MATERIAL PROVIDED
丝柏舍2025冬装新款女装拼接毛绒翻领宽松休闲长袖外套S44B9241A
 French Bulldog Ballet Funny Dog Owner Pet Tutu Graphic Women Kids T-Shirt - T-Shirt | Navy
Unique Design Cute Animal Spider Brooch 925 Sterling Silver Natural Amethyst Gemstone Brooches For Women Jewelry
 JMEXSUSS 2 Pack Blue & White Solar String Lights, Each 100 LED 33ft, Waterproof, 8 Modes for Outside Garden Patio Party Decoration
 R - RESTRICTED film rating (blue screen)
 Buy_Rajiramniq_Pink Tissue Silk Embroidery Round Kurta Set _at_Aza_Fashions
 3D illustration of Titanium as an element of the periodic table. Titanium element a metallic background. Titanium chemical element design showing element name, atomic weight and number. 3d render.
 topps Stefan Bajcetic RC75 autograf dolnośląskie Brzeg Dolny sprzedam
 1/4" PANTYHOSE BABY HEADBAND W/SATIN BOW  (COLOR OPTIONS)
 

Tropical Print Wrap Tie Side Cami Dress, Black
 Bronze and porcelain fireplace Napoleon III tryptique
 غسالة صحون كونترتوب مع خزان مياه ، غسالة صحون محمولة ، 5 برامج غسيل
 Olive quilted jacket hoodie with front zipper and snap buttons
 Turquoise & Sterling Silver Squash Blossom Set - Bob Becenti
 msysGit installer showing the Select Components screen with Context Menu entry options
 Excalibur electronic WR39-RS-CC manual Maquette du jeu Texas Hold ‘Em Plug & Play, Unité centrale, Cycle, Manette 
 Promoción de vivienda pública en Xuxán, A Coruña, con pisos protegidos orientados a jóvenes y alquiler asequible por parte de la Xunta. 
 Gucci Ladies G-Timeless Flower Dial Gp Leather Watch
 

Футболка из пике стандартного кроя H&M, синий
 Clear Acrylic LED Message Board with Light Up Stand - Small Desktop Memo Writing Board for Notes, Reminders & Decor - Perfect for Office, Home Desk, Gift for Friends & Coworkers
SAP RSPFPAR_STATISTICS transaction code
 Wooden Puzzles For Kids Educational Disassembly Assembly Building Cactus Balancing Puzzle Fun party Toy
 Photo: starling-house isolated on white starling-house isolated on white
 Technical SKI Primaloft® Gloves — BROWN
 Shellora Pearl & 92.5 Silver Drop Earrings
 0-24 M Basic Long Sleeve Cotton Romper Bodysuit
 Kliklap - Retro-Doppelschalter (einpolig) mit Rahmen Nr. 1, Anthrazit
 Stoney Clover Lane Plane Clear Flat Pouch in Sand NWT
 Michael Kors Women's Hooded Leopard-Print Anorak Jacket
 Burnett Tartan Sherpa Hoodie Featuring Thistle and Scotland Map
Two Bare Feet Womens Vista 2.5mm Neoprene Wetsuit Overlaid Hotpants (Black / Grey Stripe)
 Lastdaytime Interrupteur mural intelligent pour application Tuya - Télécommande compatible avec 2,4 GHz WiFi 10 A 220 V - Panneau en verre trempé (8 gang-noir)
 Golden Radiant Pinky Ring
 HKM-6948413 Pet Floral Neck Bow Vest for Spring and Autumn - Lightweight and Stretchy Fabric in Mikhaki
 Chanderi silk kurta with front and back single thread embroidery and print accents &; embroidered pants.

TASK DIRECTIONS
An exact copy of the lines above between the line holding "Technical SKI Primaloft® Gloves — BROWN" and the line holding "HKM-6948413 Pet Floral", inclusive, is the whole answer.

SOLVED EXERCISE
 Technical SKI Primaloft® Gloves — BROWN
 Shellora Pearl & 92.5 Silver Drop Earrings
 0-24 M Basic Long Sleeve Cotton Romper Bodysuit
 Kliklap - Retro-Doppelschalter (einpolig) mit Rahmen Nr. 1, Anthrazit
 Stoney Clover Lane Plane Clear Flat Pouch in Sand NWT
 Michael Kors Women's Hooded Leopard-Print Anorak Jacket
 Burnett Tartan Sherpa Hoodie Featuring Thistle and Scotland Map
Two Bare Feet Womens Vista 2.5mm Neoprene Wetsuit Overlaid Hotpants (Black / Grey Stripe)
 Lastdaytime Interrupteur mural intelligent pour application Tuya - Télécommande compatible avec 2,4 GHz WiFi 10 A 220 V - Panneau en verre trempé (8 gang-noir)
 Golden Radiant Pinky Ring
 HKM-6948413 Pet Floral Neck Bow Vest for Spring and Autumn - Lightweight and Stretchy Fabric in Mikhaki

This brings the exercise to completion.